Saturday, October 02, 2004

The New York Times > Washington > Briton Held at Cuba Base Cites Torture

The New York Times > Washington > Briton Held at Cuba Base Cites Torture:
"A British detainee being held at the Guantánamo Naval Base in Cuba said in a declassified letter released Friday that he had been a victim of 'vindictive torture and death threats' since January 2002.

The 36-year-old detainee, Moazzam Begg, said he had been held in solitary confinement since Feb. 8, 2003, and claimed to have been 'partially witness' - a phrase he did not explain - to the killing of two detainees at the American air base at Bagram in Afghanistan."

In the letter, which includes a long list of demands like repatriation, Mr. Begg said he was innocent of any crime and had never been a member of Al Qaeda. He was nonetheless abducted from Pakistan by "U.S. intelligence and law enforcement'' in January 2002, he said, and taken to Afghanistan.

"During several interviews,'' he wrote, "particularly - though unexclusively - in Afghanistan, I was subjected to pernicious threats of torture, actual vindictive torture and death threats, amongst other coercively employed interrogation techniques."

"Interviews were conducted in an environment of generated fear, resonant with terrifying screams of fellow detainees facing similar methods," he said. "In this atmosphere of severe antipathy towards detainees was the compounded use of racially and religiously prejudiced taunts."

"This culminated, in my opinion, with the deaths of two fellow detainees at the hands of U.S. military personnel,'' Mr.
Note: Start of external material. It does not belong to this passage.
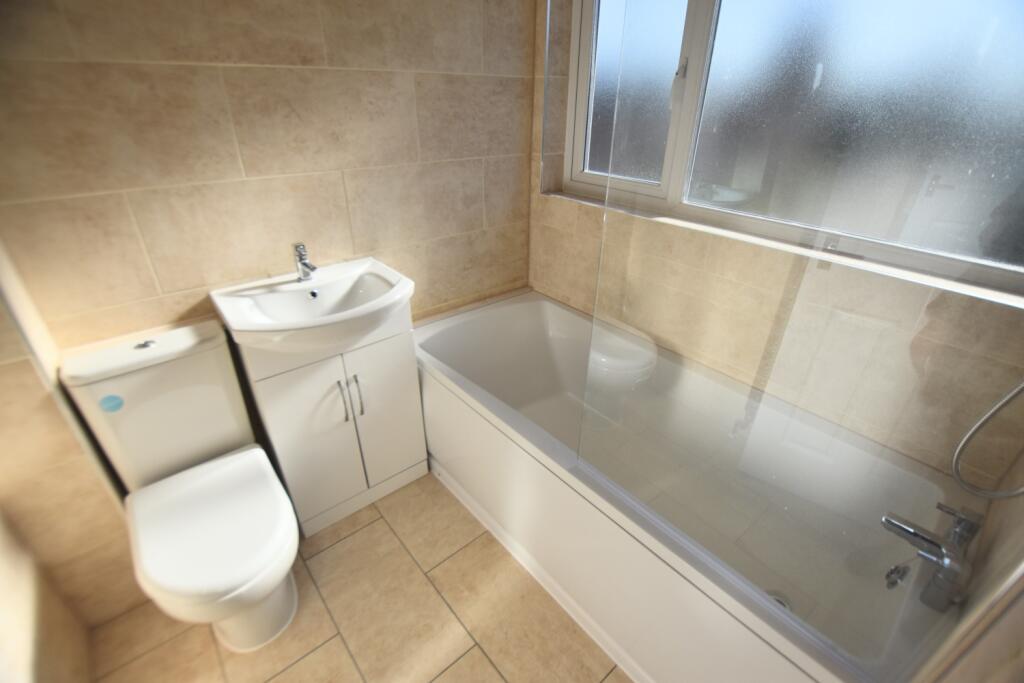 19 Buckman close bathrrom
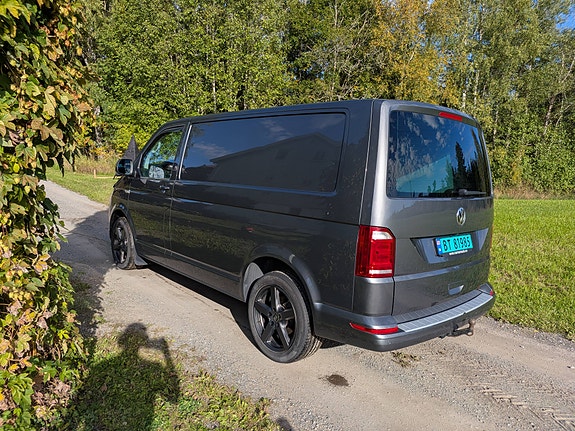 Volkswagen Transporter 6 of 14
Begg added, "to which I myself was partially witness.''

International support for the war on terrorism is weakening because of human rights abuses by the United States The United States is far from the worst human rights abuser, but Washington has so much power today that when it flouts human rights standards it damages human rights causes worldwide.

Even when the U.S. government does try to promote human rights, its authority is undermined by its refusal to be bound by the standards it preaches to others. From its rejection of the Geneva Conventions to its misuse of the 'enemy combatant' designation, from its threatened use of substandard military commissions to its misuse of immigration laws to deny criminal suspects their rights, Washington has waged war on terrorism as if human rights were not a constraint.